▶ **What is being asked**:
Retype the following records exactly and exclude the pictures.

▶ **Dataset extract**:
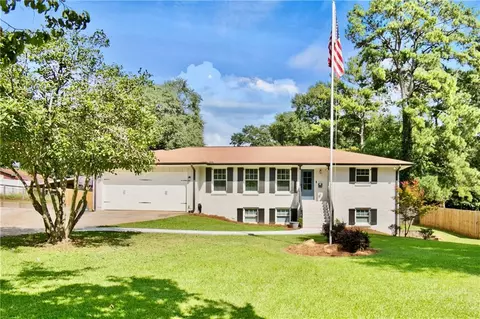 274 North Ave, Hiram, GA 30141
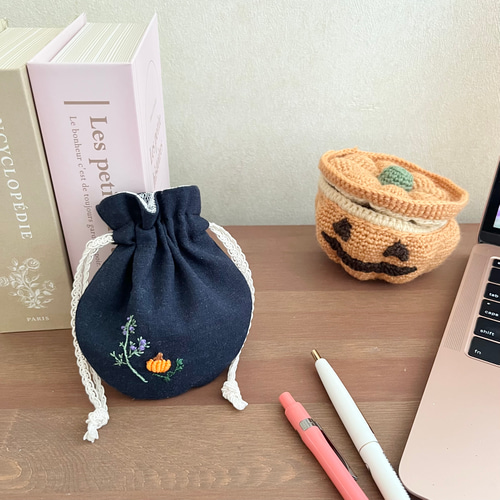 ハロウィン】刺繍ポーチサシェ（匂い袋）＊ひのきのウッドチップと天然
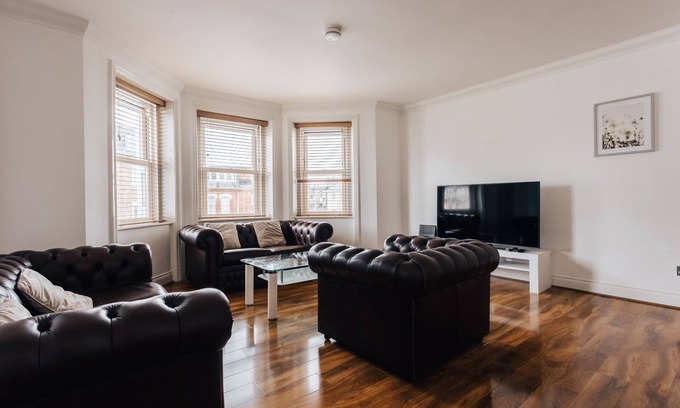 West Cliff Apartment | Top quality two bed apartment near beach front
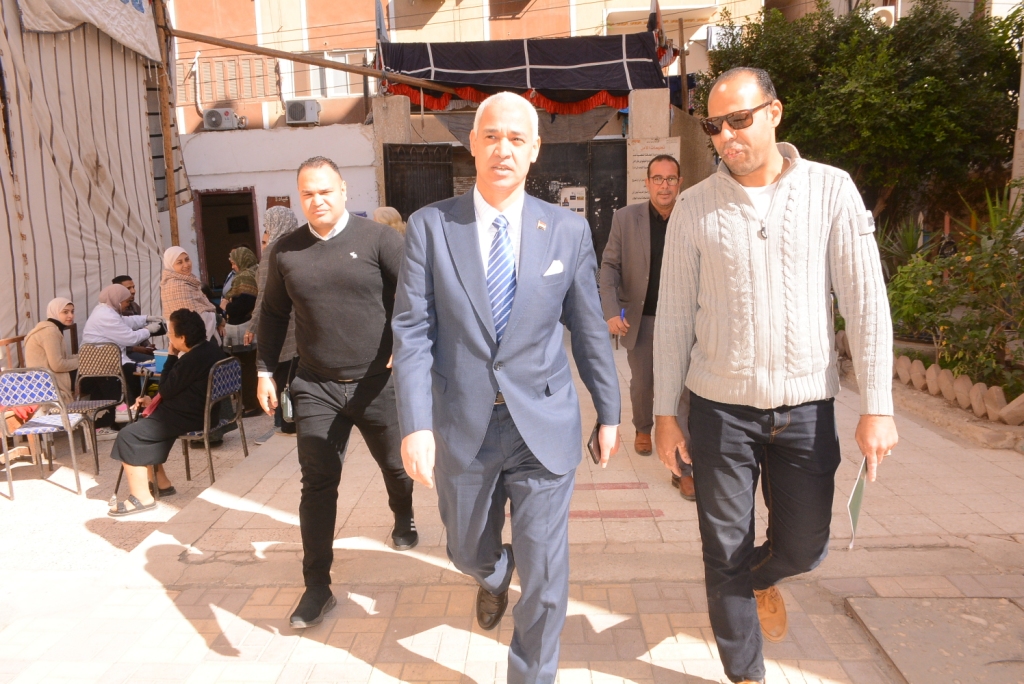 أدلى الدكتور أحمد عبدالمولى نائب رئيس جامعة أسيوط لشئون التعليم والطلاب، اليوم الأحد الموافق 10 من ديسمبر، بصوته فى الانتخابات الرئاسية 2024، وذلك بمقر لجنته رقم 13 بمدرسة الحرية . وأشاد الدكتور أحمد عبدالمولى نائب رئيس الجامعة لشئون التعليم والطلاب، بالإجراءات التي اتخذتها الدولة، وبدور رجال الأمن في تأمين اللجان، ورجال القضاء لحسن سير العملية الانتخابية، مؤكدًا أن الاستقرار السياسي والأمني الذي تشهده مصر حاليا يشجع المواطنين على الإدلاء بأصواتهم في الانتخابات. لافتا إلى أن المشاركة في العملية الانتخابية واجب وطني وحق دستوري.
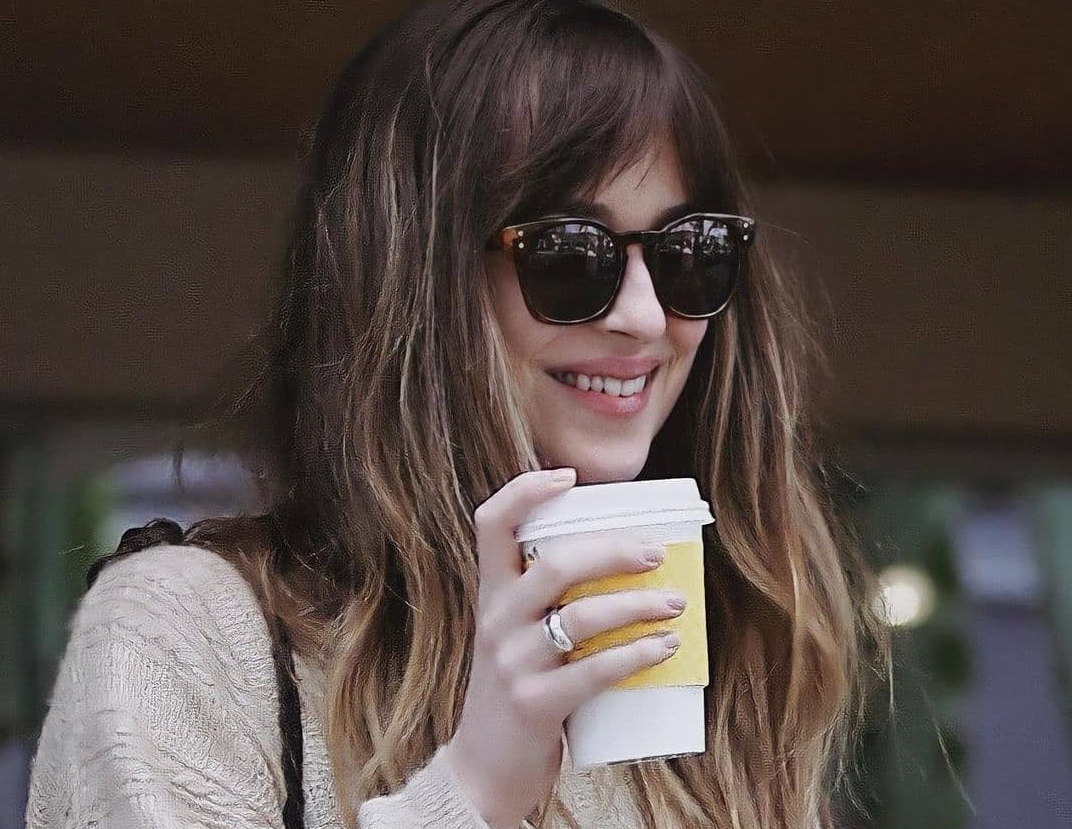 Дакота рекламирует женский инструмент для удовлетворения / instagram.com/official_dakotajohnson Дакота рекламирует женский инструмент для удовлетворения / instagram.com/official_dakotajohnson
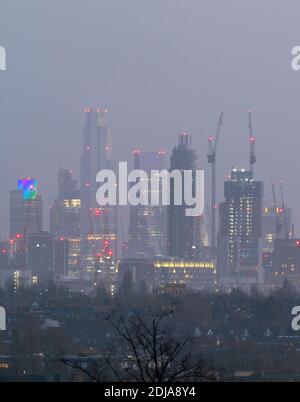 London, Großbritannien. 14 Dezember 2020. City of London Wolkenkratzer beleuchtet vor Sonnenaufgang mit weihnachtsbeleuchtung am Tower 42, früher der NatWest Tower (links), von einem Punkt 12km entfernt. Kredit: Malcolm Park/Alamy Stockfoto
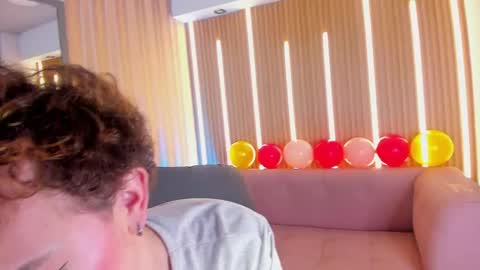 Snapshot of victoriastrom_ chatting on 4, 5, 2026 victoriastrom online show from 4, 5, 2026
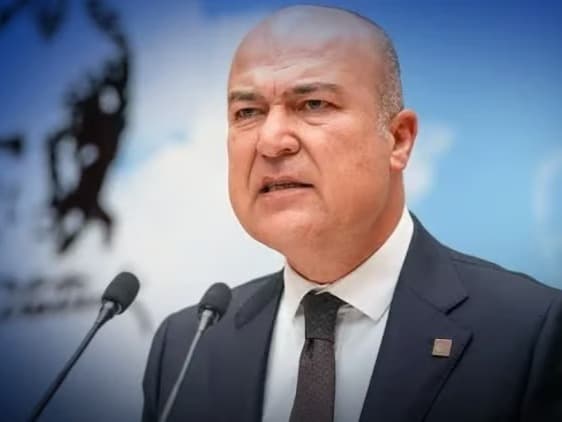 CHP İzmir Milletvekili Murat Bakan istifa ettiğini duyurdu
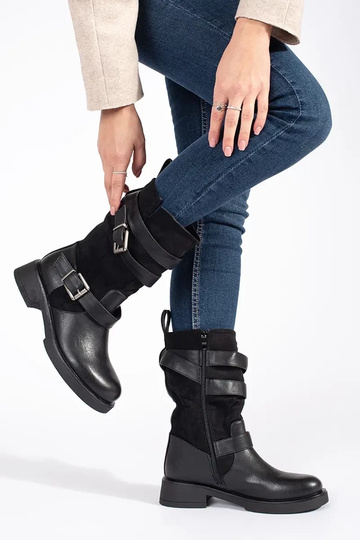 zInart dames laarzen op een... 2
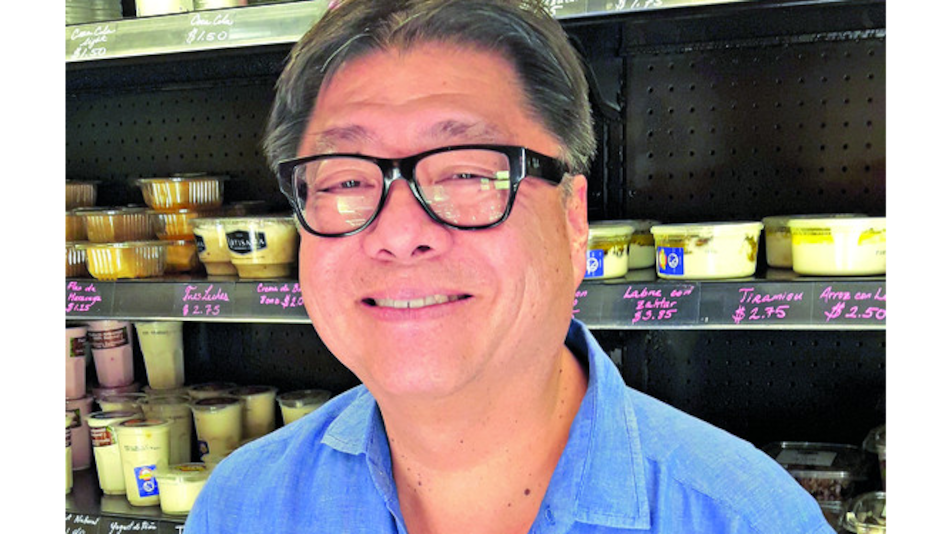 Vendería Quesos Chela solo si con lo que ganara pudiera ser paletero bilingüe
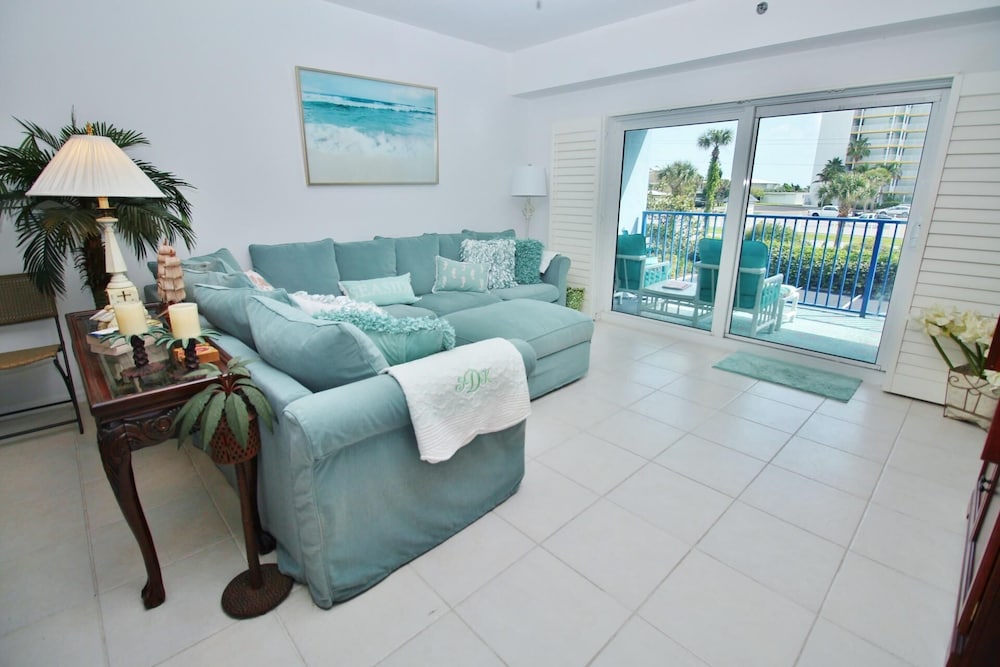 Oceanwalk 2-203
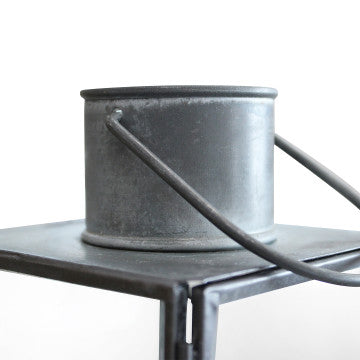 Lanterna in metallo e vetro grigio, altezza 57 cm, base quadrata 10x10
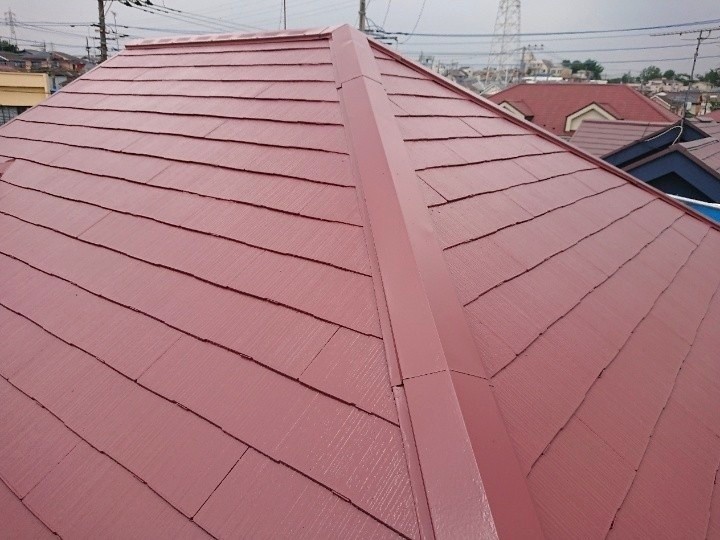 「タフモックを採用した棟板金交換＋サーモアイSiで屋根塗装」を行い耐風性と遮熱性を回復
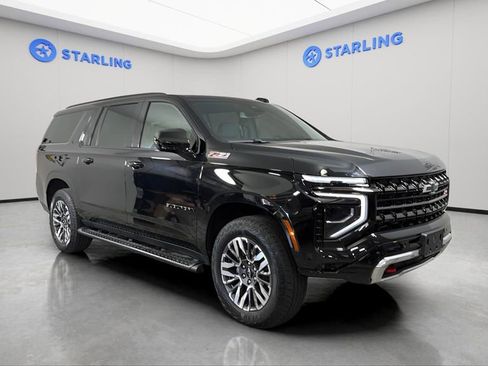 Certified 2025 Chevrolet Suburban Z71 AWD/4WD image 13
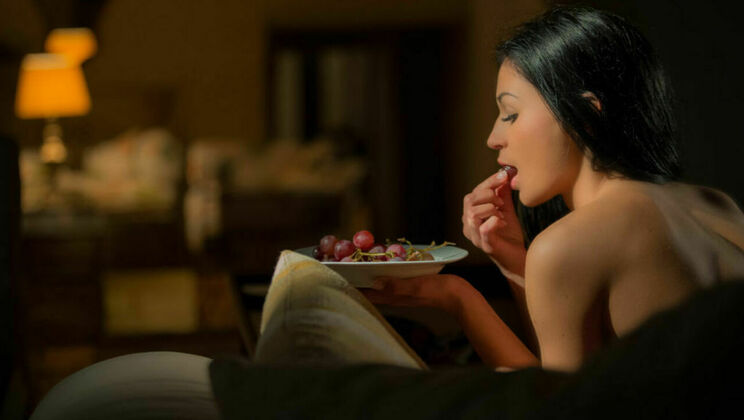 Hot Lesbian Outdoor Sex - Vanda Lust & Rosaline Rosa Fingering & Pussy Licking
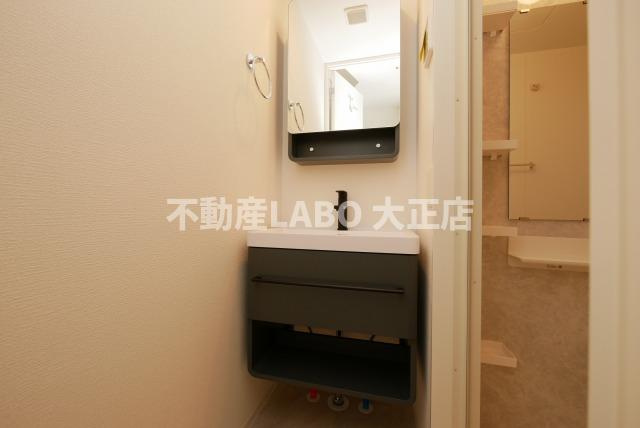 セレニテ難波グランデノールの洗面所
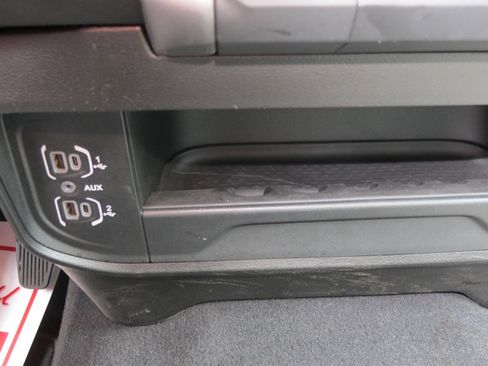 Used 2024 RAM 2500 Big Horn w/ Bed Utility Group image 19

▶ **Exercise result**:
 274 North Ave, Hiram, GA 30141
 ハロウィン】刺繍ポーチサシェ（匂い袋）＊ひのきのウッドチップと天然
 West Cliff Apartment | Top quality two bed apartment near beach front
 أدلى الدكتور أحمد عبدالمولى نائب رئيس جامعة أسيوط لشئون التعليم والطلاب، اليوم الأحد الموافق 10 من ديسمبر، بصوته فى الانتخابات الرئاسية 2024، وذلك بمقر لجنته رقم 13 بمدرسة الحرية . وأشاد الدكتور أحمد عبدالمولى نائب رئيس الجامعة لشئون التعليم والطلاب، بالإجراءات التي اتخذتها الدولة، وبدور رجال الأمن في تأمين اللجان، ورجال القضاء لحسن سير العملية الانتخابية، مؤكدًا أن الاستقرار السياسي والأمني الذي تشهده مصر حاليا يشجع المواطنين على الإدلاء بأصواتهم في الانتخابات. لافتا إلى أن المشاركة في العملية الانتخابية واجب وطني وحق دستوري.
 Дакота рекламирует женский инструмент для удовлетворения / instagram.com/official_dakotajohnson Дакота рекламирует женский инструмент для удовлетворения / instagram.com/official_dakotajohnson
 London, Großbritannien. 14 Dezember 2020. City of London Wolkenkratzer beleuchtet vor Sonnenaufgang mit weihnachtsbeleuchtung am Tower 42, früher der NatWest Tower (links), von einem Punkt 12km entfernt. Kredit: Malcolm Park/Alamy Stockfoto
 Snapshot of victoriastrom_ chatting on 4, 5, 2026 victoriastrom online show from 4, 5, 2026
 CHP İzmir Milletvekili Murat Bakan istifa ettiğini duyurdu
 zInart dames laarzen op een... 2
 Vendería Quesos Chela solo si con lo que ganara pudiera ser paletero bilingüe
 Oceanwalk 2-203
 Lanterna in metallo e vetro grigio, altezza 57 cm, base quadrata 10x10
 「タフモックを採用した棟板金交換＋サーモアイSiで屋根塗装」を行い耐風性と遮熱性を回復
 Certified 2025 Chevrolet Suburban Z71 AWD/4WD image 13
 Hot Lesbian Outdoor Sex - Vanda Lust & Rosaline Rosa Fingering & Pussy Licking
 セレニテ難波グランデノールの洗面所
 Used 2024 RAM 2500 Big Horn w/ Bed Utility Group image 19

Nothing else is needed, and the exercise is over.